Hybrid Transformer and Convolution for Image Compressed Sensing

Abstract

In recent years, deep unfolding networks (DUNs) have received widespread attention in the field of compressed sensing (CS) reconstruction due to their good interpretability and strong mapping capabilities. However, existing DUNs often improve the reconstruction effect at the expense of a large number of parameters, and there is the problem of information loss in long-distance feature transmission. Based on the above problems, we propose an unfolded network architecture that mixes Transformer and large kernel convolution to achieve sparse sampling and reconstruction of natural images, namely, a reconstruction network based on Transformer and convolution (TCR-Net). The Transformer framework has the inherent ability to capture global context through a self-attention mechanism, which can effectively solve the challenge of long-range dependence on features. TCR-Net is an end-to-end two-stage architecture. First, a data-driven pre-trained encoder is used to complete the sparse representation and basic feature extraction of image information. Second, a new attention mechanism is introduced to replace the self-attention mechanism in Transformer, and a hybrid Transformer and convolution module based on optimization-inspired is designed.
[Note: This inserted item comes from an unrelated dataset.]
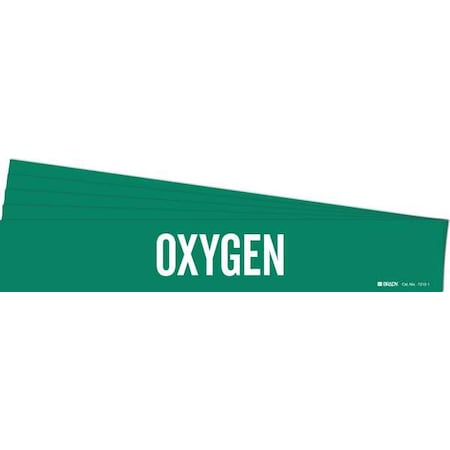 Pipe Marker, Adhesive, White, Oxygen, PK5, 7210-1-PK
Its iterative process leads to the unfolding framework, which approximates the original image stage by stage. Experimental results show that TCR-Net outperforms existing state-of-the-art CS methods while maintaining fast computational speed. Specifically, when the CS ratio is 0.10, the average PSNR on the test set used in this paper is improved by at least 0.8%, the average SSIM is improved by at least 1.5%, and the processing speed is higher than 70FPS. These quantitative results show that our method has high computational efficiency while ensuring high-quality image restoration.